* [SUPPLIED MATERIAL]:
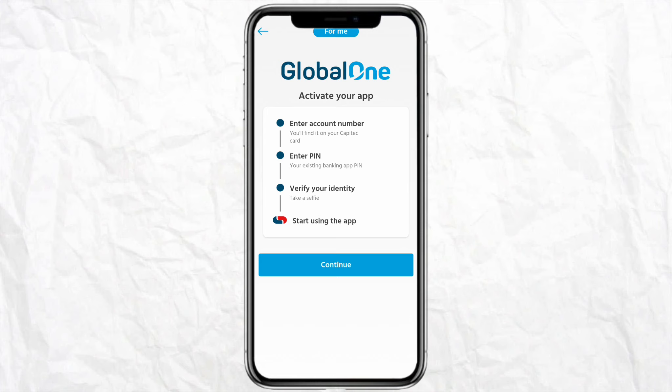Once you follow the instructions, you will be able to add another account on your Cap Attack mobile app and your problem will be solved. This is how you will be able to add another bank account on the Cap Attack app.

--

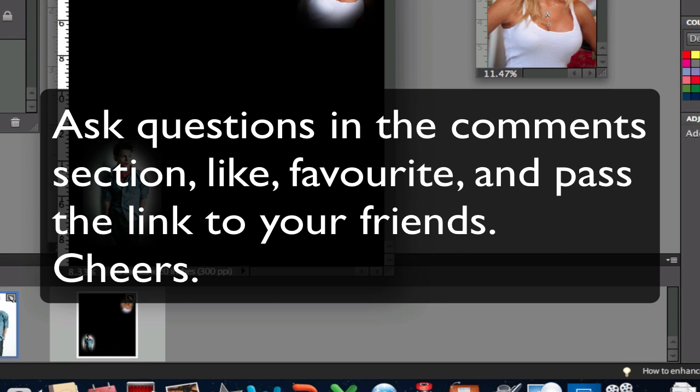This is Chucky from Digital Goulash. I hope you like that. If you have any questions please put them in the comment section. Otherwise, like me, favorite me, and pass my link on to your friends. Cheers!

* * *

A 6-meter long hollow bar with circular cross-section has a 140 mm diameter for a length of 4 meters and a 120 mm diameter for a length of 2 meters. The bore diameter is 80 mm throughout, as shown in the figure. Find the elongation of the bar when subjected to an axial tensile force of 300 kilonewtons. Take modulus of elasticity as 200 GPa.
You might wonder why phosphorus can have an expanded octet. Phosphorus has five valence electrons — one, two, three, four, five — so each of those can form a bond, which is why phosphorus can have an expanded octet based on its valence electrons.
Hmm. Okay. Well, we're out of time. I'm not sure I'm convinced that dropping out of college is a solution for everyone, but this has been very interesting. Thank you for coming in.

* [TASK TO CARRY OUT]:
From the line holding "A 6-meter long" to the line holding "Hmm. Okay. Well, we're", inclusive, restate each line above exactly as written.

* [WRITTEN ANSWER]:
A 6-meter long hollow bar with circular cross-section has a 140 mm diameter for a length of 4 meters and a 120 mm diameter for a length of 2 meters. The bore diameter is 80 mm throughout, as shown in the figure. Find the elongation of the bar when subjected to an axial tensile force of 300 kilonewtons. Take modulus of elasticity as 200 GPa.
You might wonder why phosphorus can have an expanded octet. Phosphorus has five valence electrons — one, two, three, four, five — so each of those can form a bond, which is why phosphorus can have an expanded octet based on its valence electrons.
Hmm. Okay. Well, we're out of time. I'm not sure I'm convinced that dropping out of college is a solution for everyone, but this has been very interesting. Thank you for coming in.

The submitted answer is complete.